Skip all pictures; return exactly the lines from the one containing "VogaCloset Bahrain Chocolate" through the end of the data.

_MATERIAL PROVIDED:_
=== Section Start ===
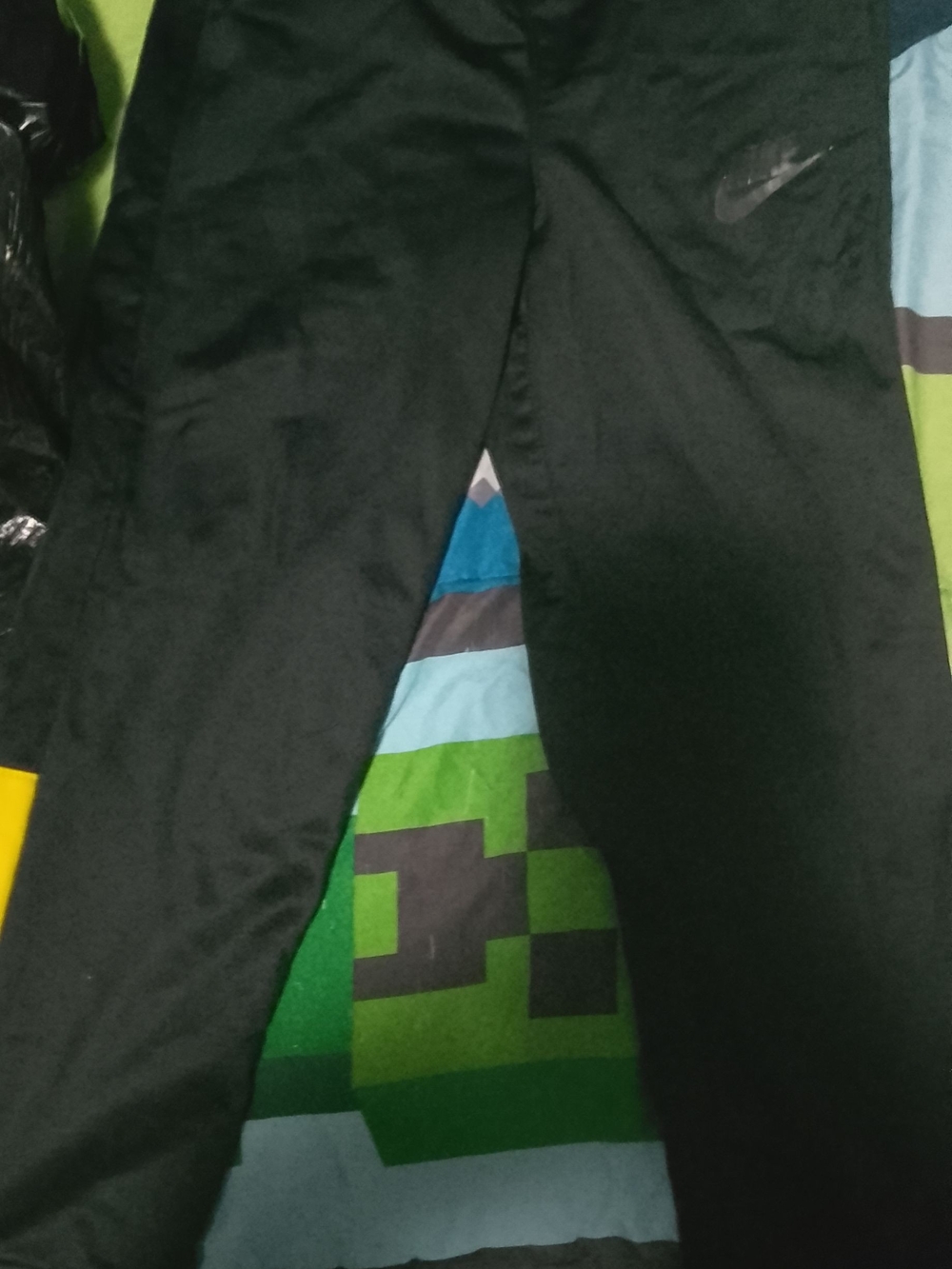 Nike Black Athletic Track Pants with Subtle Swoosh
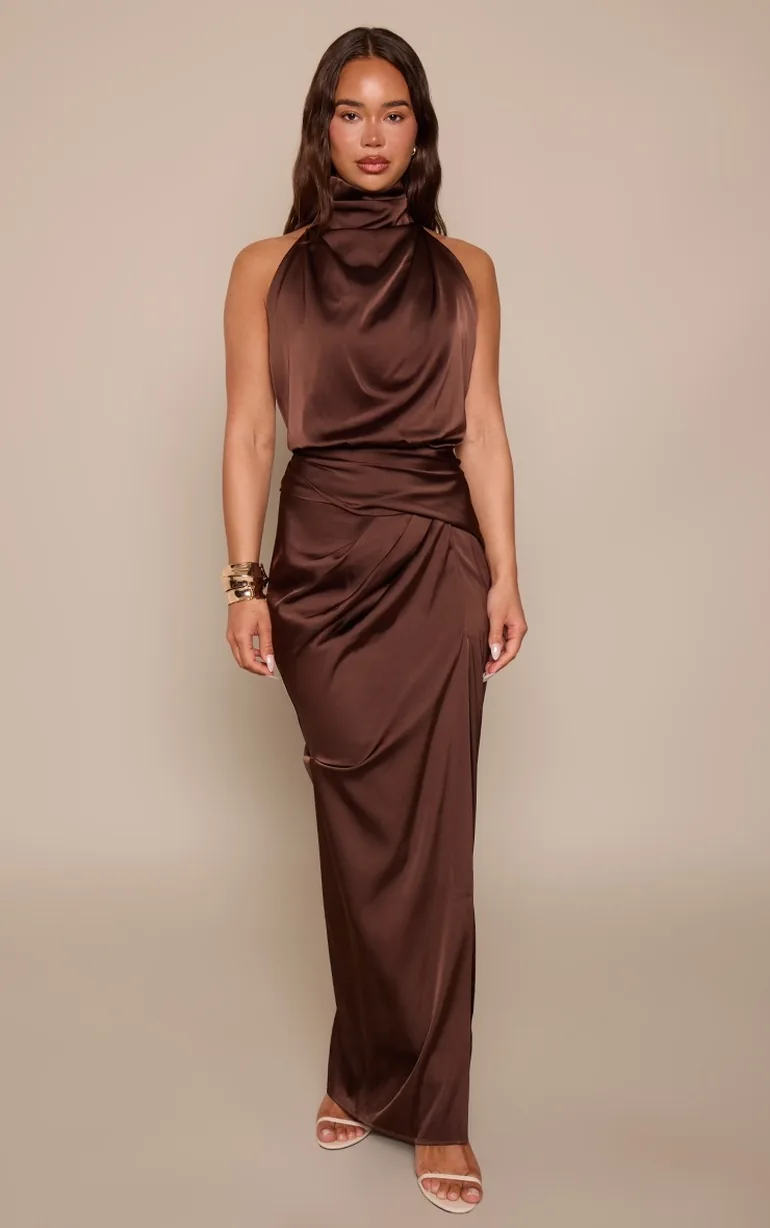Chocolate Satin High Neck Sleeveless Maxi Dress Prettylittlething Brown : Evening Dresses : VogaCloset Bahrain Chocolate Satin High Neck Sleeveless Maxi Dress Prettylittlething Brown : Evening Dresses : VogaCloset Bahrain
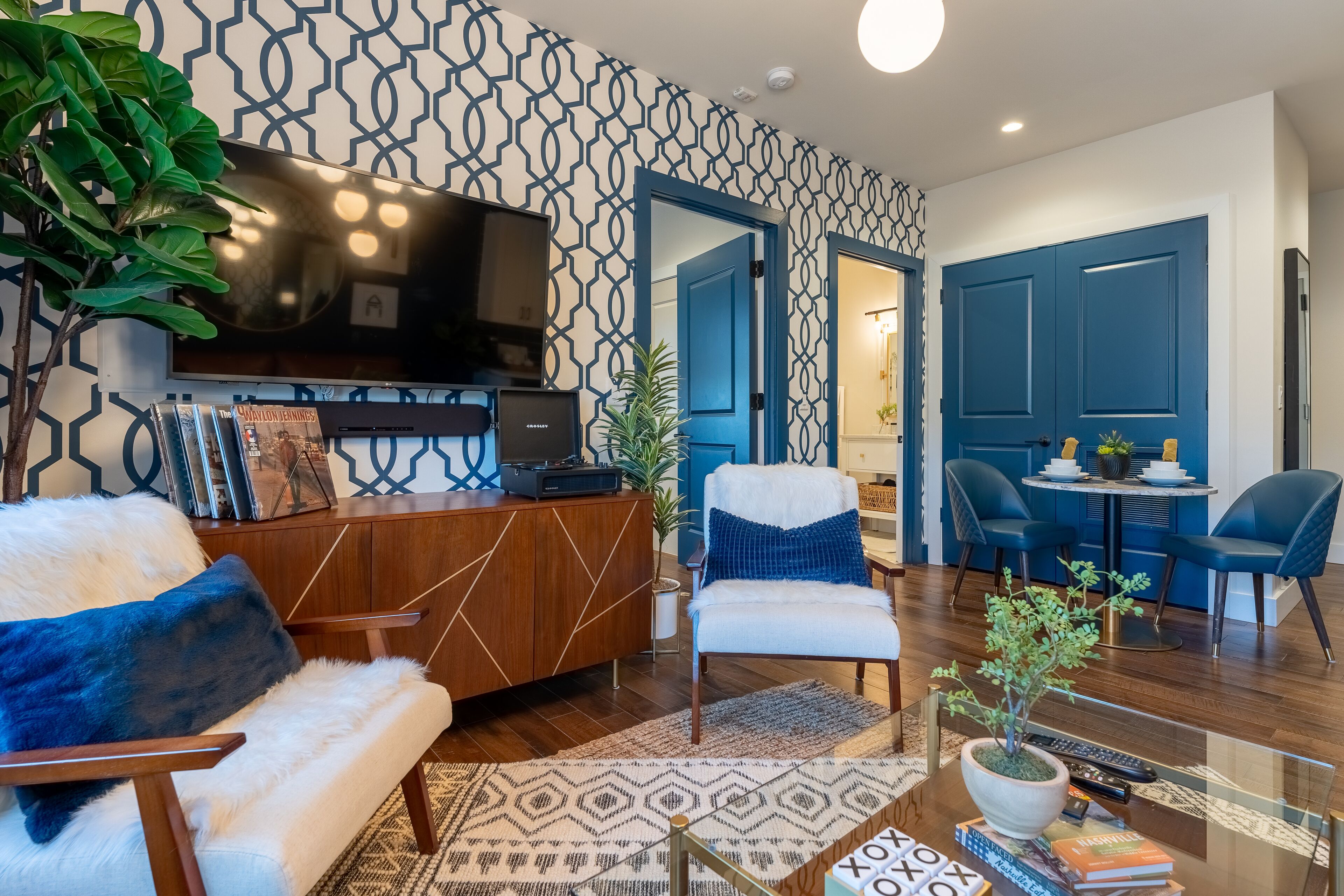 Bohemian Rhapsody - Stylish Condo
=== Section End ===
_COMPLETED TASK:_
Chocolate Satin High Neck Sleeveless Maxi Dress Prettylittlething Brown : Evening Dresses : VogaCloset Bahrain Chocolate Satin High Neck Sleeveless Maxi Dress Prettylittlething Brown : Evening Dresses : VogaCloset Bahrain
 Bohemian Rhapsody - Stylish Condo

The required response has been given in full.